- [Exercise goal] Repeat everything in the data exactly except images.

- [Data shown]
======

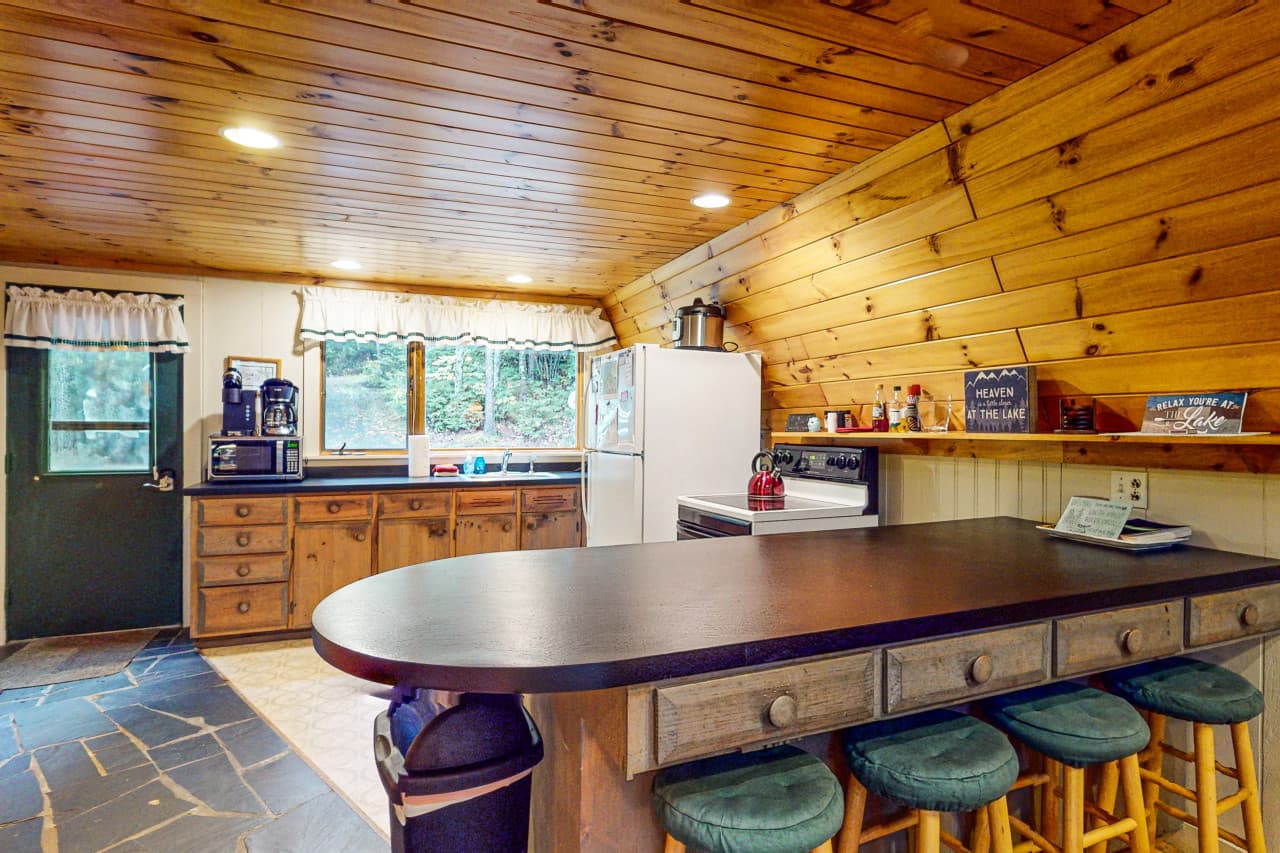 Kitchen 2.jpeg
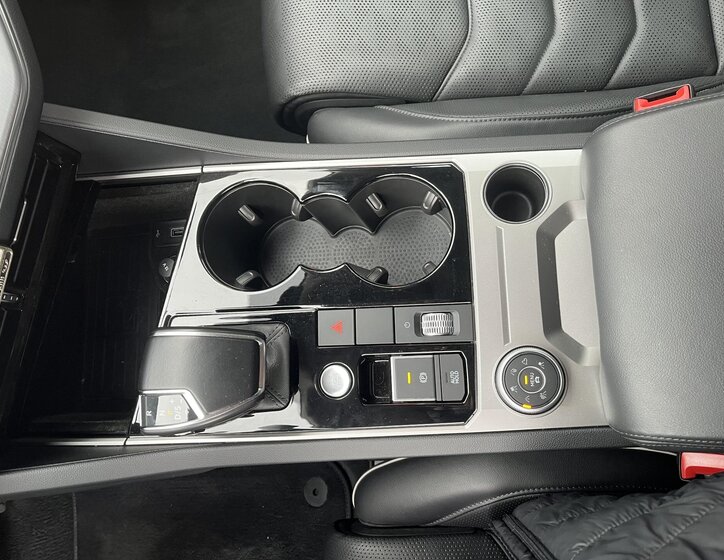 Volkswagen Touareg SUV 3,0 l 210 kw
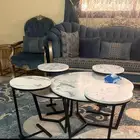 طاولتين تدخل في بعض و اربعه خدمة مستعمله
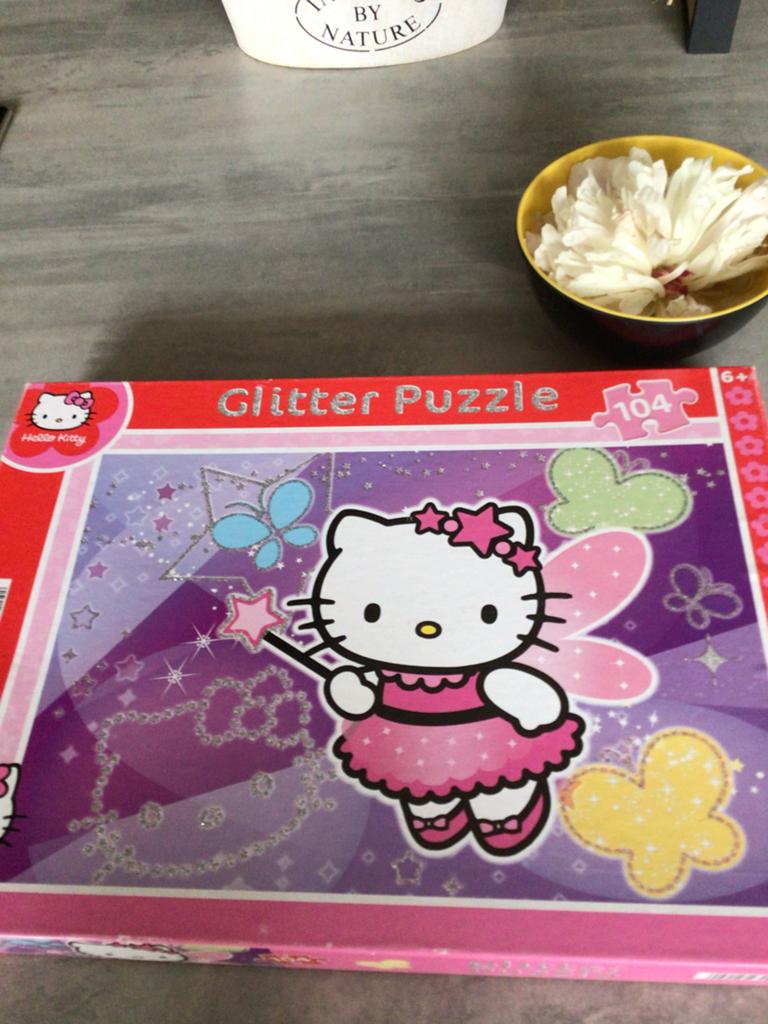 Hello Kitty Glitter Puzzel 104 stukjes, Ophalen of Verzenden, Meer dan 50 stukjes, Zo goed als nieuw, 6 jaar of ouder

======

- [Written solution]
 Kitchen 2.jpeg
 Volkswagen Touareg SUV 3,0 l 210 kw
 طاولتين تدخل في بعض و اربعه خدمة مستعمله
 Hello Kitty Glitter Puzzel 104 stukjes, Ophalen of Verzenden, Meer dan 50 stukjes, Zo goed als nieuw, 6 jaar of ouder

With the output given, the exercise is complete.